Growing up Asian in Australia
Tanveer Ahmed





Tanveer Ahmed
I loved everything about my best friend Daryl. I also called him Lynchy, performing the Australian practice of elongating someone’s name with an ‘o’ or ‘y’. I admired his crewcut and was riveted by the idea of a rat’s tail, which he sported with great confidence. I wished I had a rat’s tail, but my parents were horrified, believing it would be my first step towards ending up in juvenile justice.

My dad still cut my hair once a month, a ritual we undertook while I sat on a stool on the bathroom floor. Each time he would remind me of how he cut his relatives’ hair while growing up in a small Bangladeshi village, a story that would coincide with another about him waking at dawn to sell rice at the local markets in order to fund his education.


With my parents
He almost collapsed in his armchair when my mother came home once and confessed to a fifty dollar haircut. He was adamant, it seemed, that I would never pay for a haircut again.

Lynchy advised me gently that my father’s foray into hairdressing had to stop. We were almost twelve years old and were beginning to take an interest in girls. My chances of meeting a girl were zip while my father was channeling 1970s rural Bangladeshi fashion through me.

He would visit my house every day after school and we would ride our BMX bikes to the local creek. There we would play marbles, skim rocks across the water or play french cricket with a plastic bat. I had never visited Lynchy’s house. He always made excuses about his annoying older sister or that his parents didn’t like having guests. I didn’t push it. I thought my parents were annoying too and I was embarrassed that my house always smelt like curry.

But Lynchy seemed to love hanging out at my house. He would sit with my adoring mother and talk about school. He helped her with making snacks and dipping doughy mixtures into Indian spices. He spoke of how all his family ate were rissoles, steak and baked potatoes. I looked at him with envy, wishing my mother could cook the items. She treated him like her long lost Aussie son, hand feeding him and stroking him across his blonde flat top.

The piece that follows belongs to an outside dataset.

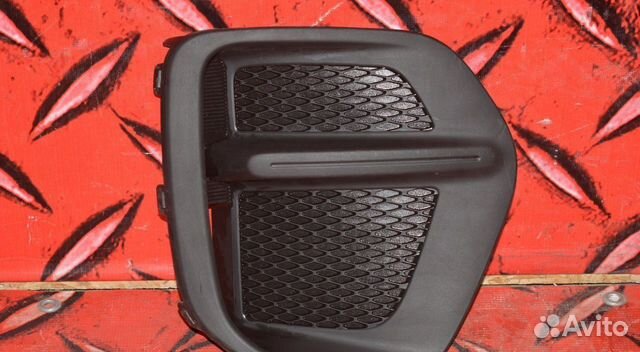 Решетка переднего бампера правая Kia Sportage 4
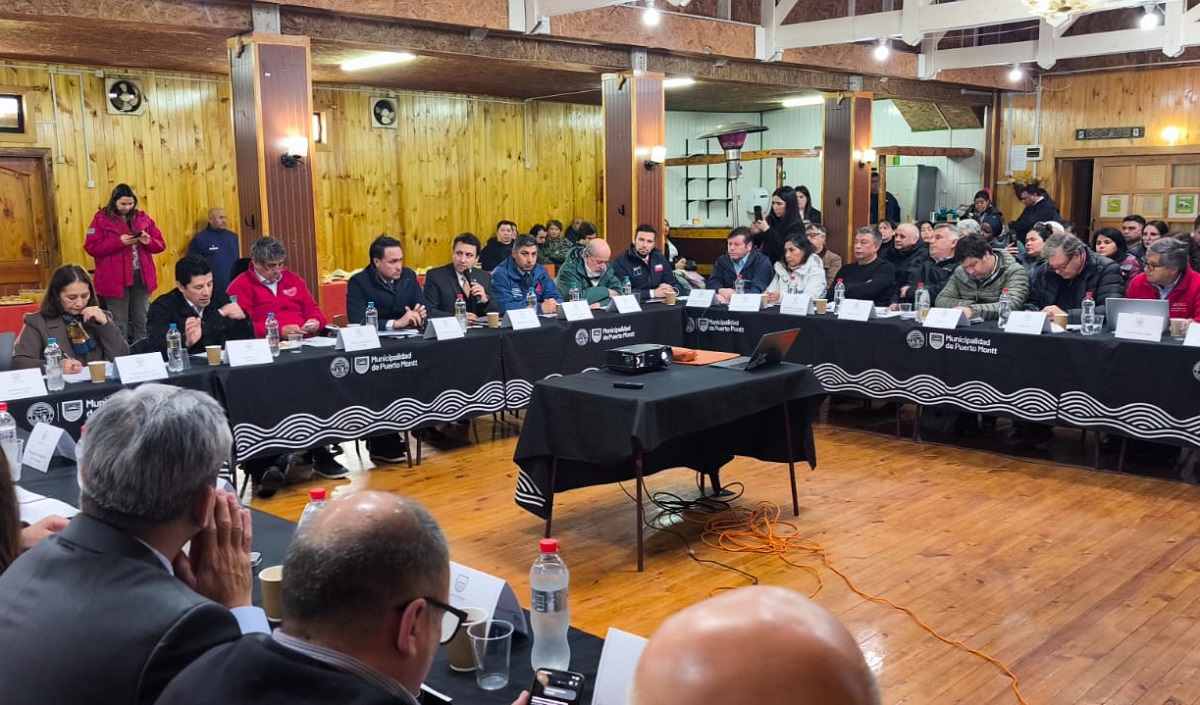 SalmonChile participó en acuerdo transversal por condiciones laborales justas y seguras en el marco del Plan Salmón 2050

“You are a very nice boy, Darr-el.” she would say while patting him on the head. “Not like my son, who never eats his vegetable curry.”

I never felt jealous. I knew my mother was just being nice, because she lamented how poorly Daryl performed in his studies. She would encourage us to do homework together, but the chances of that happening were slim. I can’t say I was ever disappointed. It was embarrassing to be good at studies and I tried to hide my scholastic abilities as much as possible. I even failed a couple of exams on purpose. The teachers freaked and thought about sending me to counseling. That was enough motivation to top the class again.

But in the afternoons, once Lynchy had chowed down on his daily samosas, it was time to ride to the creek.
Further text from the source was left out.